Count data are generally modelled by accounting for their residuals to follow a Poisson distribution. Data expressed as ratios are generally modelled by accounting for their residuals to follow a binomial distribution. In both cases, too many zeroes in the response variable can become a problem: the overabundance of zeroes, known as zero-inflation, can translate in overdispersion, therefore making the distribution of choice (Poisson or binomial) a poor fit to the residuals.

One way to address zero-inflation is to use the zero-inflated versions of Poisson and binomial distributions. These zero-inflated distributions treat the data as a mixture of data generated by a Poisson or a binomial process, and data that belong to a zero-only distribution (in other words, a distribution with mean of 0 and variance of 0).

According to Paul Allison, in the case of zero-inflated sets of ratios, modelling the data according to a negative binomial distribution can be an alternative to zero-inflated binomial distributions, providing a better fit and requiring less computational power.
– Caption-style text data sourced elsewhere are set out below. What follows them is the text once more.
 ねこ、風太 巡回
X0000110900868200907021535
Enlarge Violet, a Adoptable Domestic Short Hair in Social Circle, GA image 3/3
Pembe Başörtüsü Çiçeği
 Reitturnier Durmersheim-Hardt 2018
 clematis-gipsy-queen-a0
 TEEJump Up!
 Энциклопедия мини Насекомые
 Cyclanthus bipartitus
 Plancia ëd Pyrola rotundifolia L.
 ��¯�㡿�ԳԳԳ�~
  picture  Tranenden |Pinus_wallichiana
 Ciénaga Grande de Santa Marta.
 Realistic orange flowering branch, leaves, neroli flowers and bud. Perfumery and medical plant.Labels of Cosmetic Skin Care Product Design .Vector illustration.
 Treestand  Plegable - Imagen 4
He concludes: “having a lot of zeros doesn’t necessarily mean that you need a zero-inflated model.” His considerations and his exchanges with William Greene and Dominique Lord (see this article and its comment section) are a worthy read.
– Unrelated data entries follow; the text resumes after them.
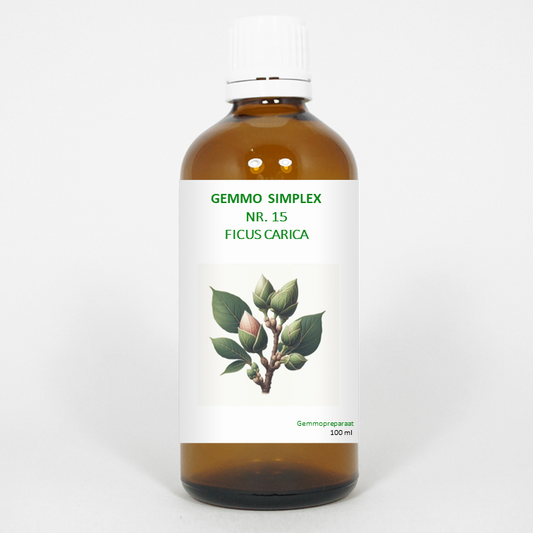 Balancepharma Gemmo simplex 15 ficus carica 100 Milliliter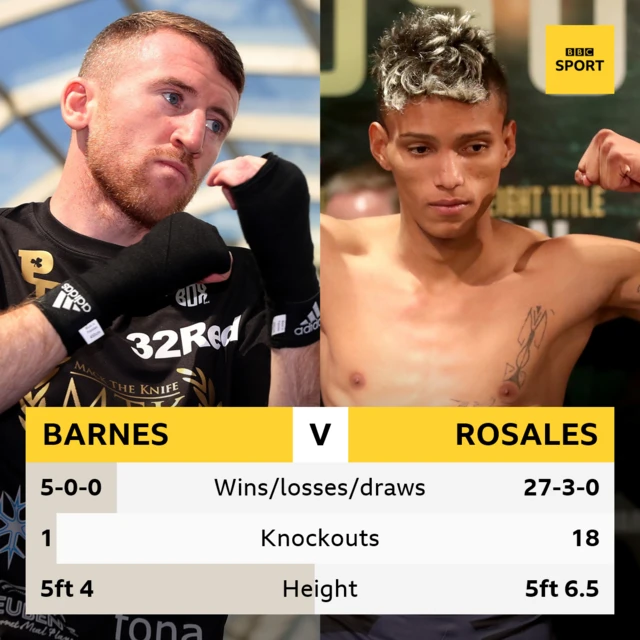 Barnes v Rosales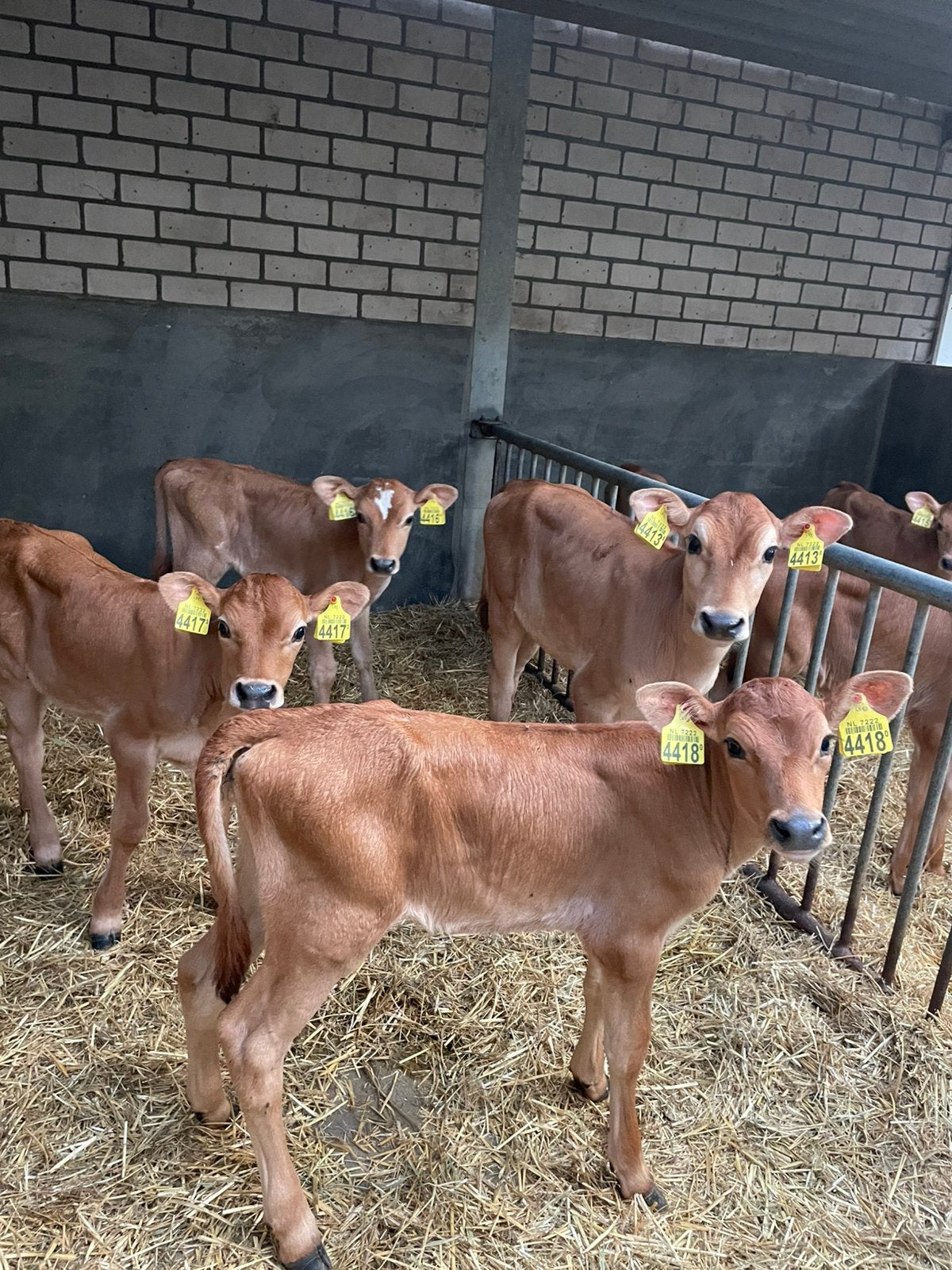 Biologische jersey (vaars)kalveren, Dieren en Toebehoren, Vrouwelijk, 0 tot 2 jaar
As a reminder, here are some definitions:

• the Poisson distribution is “a discrete probability distribution that expresses the probability of a given number of events occurring in a fixed interval of time or space if these events occur with a known constant mean rate and independently of the time since the last event” (reference);
• the Binomial distribution estimates the probability of a number of independent events equal to X to be observed in n trials (reference);
• the Negative Binomial distribution estimates the probability that a number of trials equal to Y is required until an event is observed for the rth time (reference).

Modelling zero-inflated datasets with glmmTMB

Package glmmTMB allows to:

• “specify a zero-inflation model (via the ziformula argument) with fixed and/or random effects” (Ben Bolker)
• specify a negative binomial model using `family=nbinom1`, which assumes Var∝𝜇, or `family=nbinom2`, which assumes Var=𝜇*(1 + 𝜇/𝑘). For both nbinom2 and nbinom2 it is possible to specify if the dispersion parameter is affected by any of the explanatory variables using the argument `disp` (see: `dispformula` under `?glmmTMB`; `?sigma.glmmTMB`).

A negative binomial distribution and the zi argument can be used together: “`ziformula` specifies zero-inflation [while] `family=nbinom2` [or `family=nbinom1`] take care of other sources of overdispersion” (Ben Bolker).

`ziformula` is “a one-sided (i.e., no response variable) formula for zero-inflation combining fixed and random effects: the default `~0` specifies no zero-inflation. Specifying `~.` sets the zero-inflation formula identical to the right-hand side of formula (i.e., the conditional effects formula); terms can also be added or subtracted. When using `~.` as the zero-inflation formula in models where the conditional effects formula contains an offset term, the offset term will automatically be dropped. The zero-inflation model uses a logit link” (from `?glmmTMB`). It “describes how the probability of an extra zero (i.e. structural zero) will vary with predictors” (see this excellent vignette by Mollie Brooks). By default, glmmTMB excludes zero-inflation; specifying `zi=~0 `does so explicitly. Specifying `zi=~1` applies a single zero-inflation parameter to all observations.